I actually have a mild form of the opposite problem. For example I have been writing a bunch of chapters and need to come up with several backstories, name some new places, and update world maps to account for them. I always let the story take me through the world rather than making my story go through the world.
“Oh I need a name for this person/place/thing” -proceeds to spend way too much time trying to come up with some kind of meaningful/fitting name, grinding my writing process to a halt, even though it’s reaaaally not that important and it’s probably gonna end up sounding dumb anyway cause I suck at naming things-
Not plotting and world building enough. It’s not a good habit since I’ll get stuck and then frustrated if I write without a plot to lead me.

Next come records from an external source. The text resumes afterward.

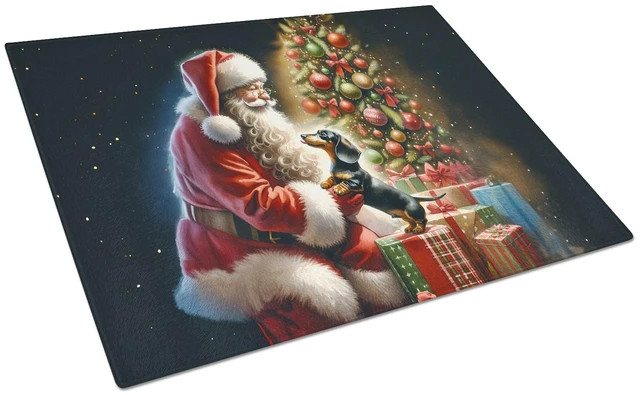 Main image of NEW Dachshund and Santa Claus Glass Cutting Board Decorative Tempered Glass Kitchen Cutting and Serving Board Large Size Choppin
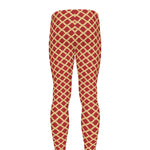 Red And Beige Japanese Pattern Print Men's leggings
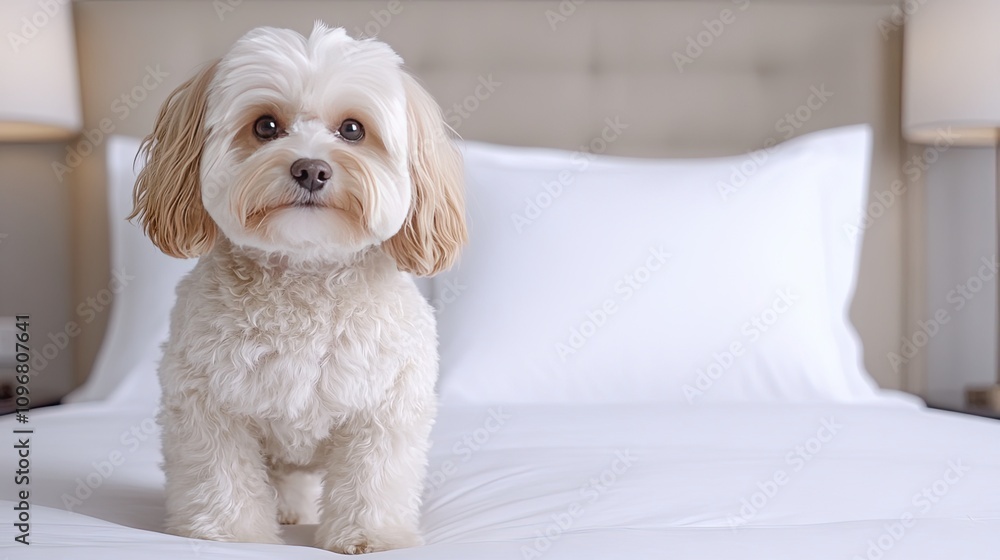 Puppy explores luxury hotel room with elegance and charm Puppy explores luxury hotel room with elegance and charm
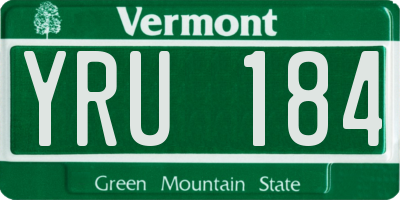 VT license plate YRU184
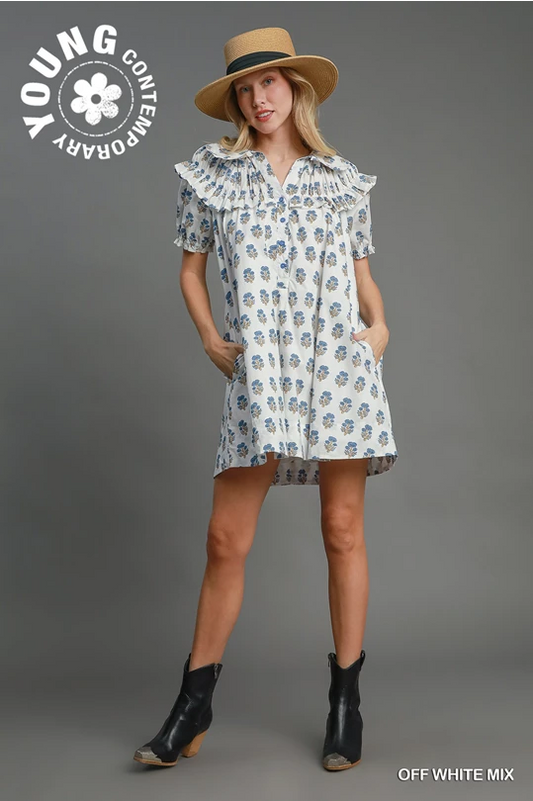 Bubble Sleeve Dress: loose-fitting cotton ruffled floral mini with puff sleeves. Color: Off White Mix. Sizes: XS-XL.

“Surely I won’t forget about these particular details! There’s no need to write them down!”
Plot twist, it doesn’t work
Overworking myself (which can sound like the opposite of a problem lol But I will write for weeks in a row with no break and crash). But a little bad habit I have is overusing the word “just”. Apparently I say it aloud too, and ever since my fiance pointed it out I can’t stop seeing it everywhere.
I have a couple. One; I tend to be very inconsistent when it comes to tenses. My friend pointed it out, and she said it makes her want to claw her eyes out. I’m working on improving it. Two; writer’s block. I always get writer’s block, and I sometimes don’t write for days because of that. Three; I write at the most inconvenient times. I sometimes write at like 11 in the night, half asleep, because the though process flows better. I write whenever I have time, and I don’t write a definite amount. Sometimes, I write one sentence, while others, I write like 3 pages. Four; the quality. I don’t make mistakes, but there are a lot of phrases in my story that can be replaced with something else. Probably because I write half of it when I’m half asleep
I feel that one for sure!
I do this too all the time.
Terrible with tenses, always tell never show, bad grammar/typos, overly-verbose, bad character dialogue/chemistry, melodramatic, overly-descriptive, overly-emotional, boring, procrastination, low-self esteem, etc.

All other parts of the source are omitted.